_YOUR GOAL:_ Would you reproduce each line below exactly, leaving every picture out?

[[ THE DATA, beginning ]]

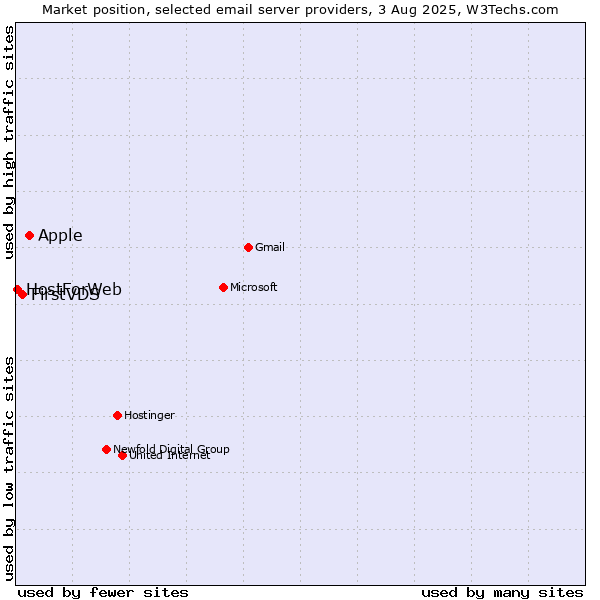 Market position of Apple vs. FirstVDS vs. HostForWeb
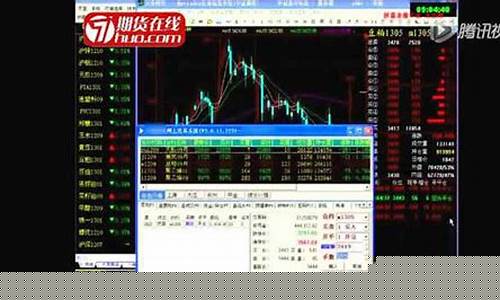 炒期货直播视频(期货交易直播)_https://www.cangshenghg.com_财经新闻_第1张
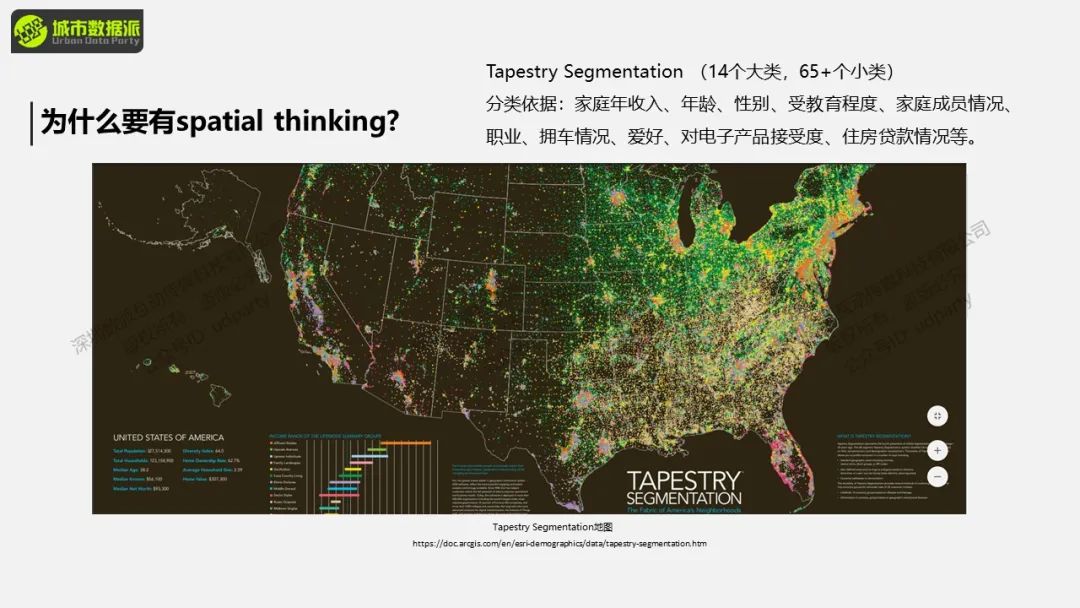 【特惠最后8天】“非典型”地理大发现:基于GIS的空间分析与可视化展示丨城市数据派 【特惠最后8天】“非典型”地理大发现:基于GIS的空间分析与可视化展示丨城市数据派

[[ THE DATA, end ]]

_COMPLETED EXERCISE:_
 Market position of Apple vs. FirstVDS vs. HostForWeb
 炒期货直播视频(期货交易直播)_https://www.cangshenghg.com_财经新闻_第1张
 【特惠最后8天】“非典型”地理大发现:基于GIS的空间分析与可视化展示丨城市数据派 【特惠最后8天】“非典型”地理大发现:基于GIS的空间分析与可视化展示丨城市数据派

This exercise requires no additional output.